Djokovic biega do siatki głównie po swoim atomowym serwisie i kończy proste woleje po nieudanych returnach, a to jest żadna sztuka. Zresztą takich akcji nie ma wiele w jego repertuarze i traktuje to jedynie jako urozmaicenie. Przy serwisie rywala biega tylko po wcześniejszych bombach w narożniki i też bardzo rzadko. Coś tam przy siatce potrafi (w końcu nr 3 w rankingu), ale ogólnie antycypacja i kończenie trudnych wolejów trochę u niego kuleje. Ot typowy agresywny baseliner. Można go upchać w all-court playerów, ale to trochę naciągane. Nadal też świetnie sobie radzi na każdej nawierzchni, ale nie zmienia to faktu, że jest defensywnym baselinerem.
Taktyka serw i wolej u Federera to jeden z głównych elementów gry u niego na Wimbledonie (w latach 2004-2007), czy też na turniejach halowych. Często co gem serwisowy stosuje 2-3 takie akcje po serwisie, a podczas wymiany zagrywa długi bekhendowy slajs, dzięki któremu ma wystarczająco dużo czasu na dobiegnięcie do siatki. U Djokovica takich akcji nie widać, a właśnie takie sytuacyjne woleje, kiedy przeciwnik może zagrać co tylko chce są najtrudniejsze do wykończenia.

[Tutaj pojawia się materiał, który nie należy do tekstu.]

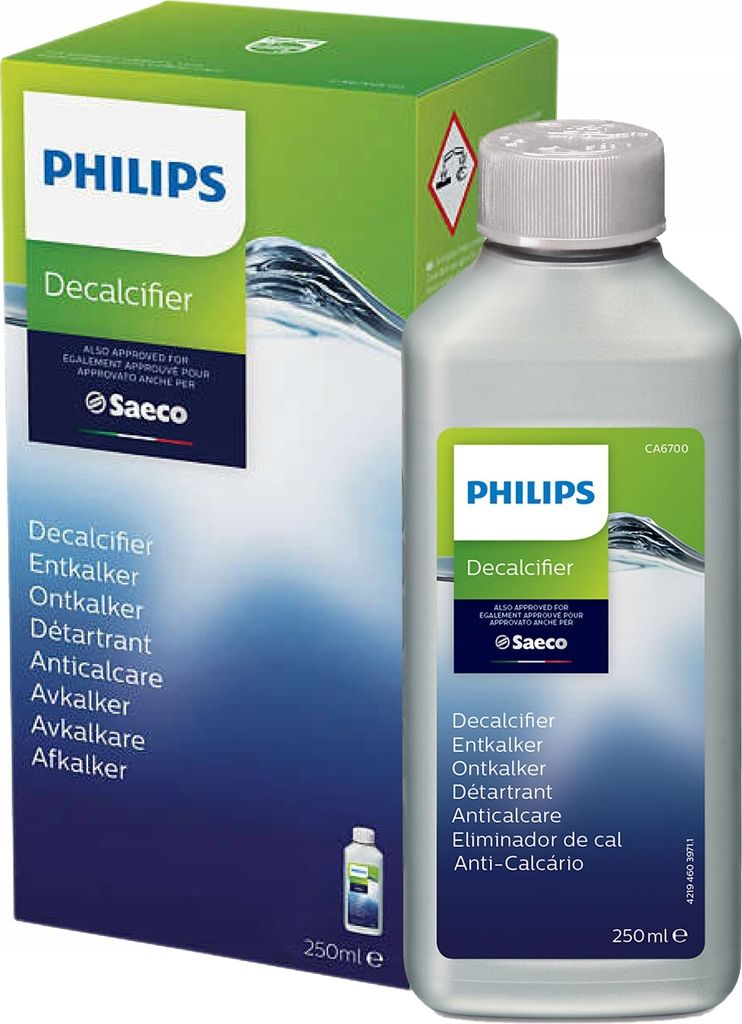 Philips Universal Flüssig-Entkalker für Kaffeevollautomaten Produktbild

Właściwie styl "serw i wolej" ma dość nieszczęsną nazwę, bo przez to niektórzy myślą, że chodzi głównie o bieganie do siatki tylko po serwisie. Net-rusher jest dużo bardziej trafna. Tak samo all-court player, nie oznacza zawodnika osiągającego wspaniałe wyniki na każdej nawierzchni, tylko tenisistę, który zmienia taktykę w zależności od nawierzchni. Djokovic gra na wszystkich kortach praktycznie tak samo, podobnie jak Nadal. Federer zupełnie inaczej gra na French Open niż na Masters Cupie. Na tym właśnie polega wszechstronny styl gry.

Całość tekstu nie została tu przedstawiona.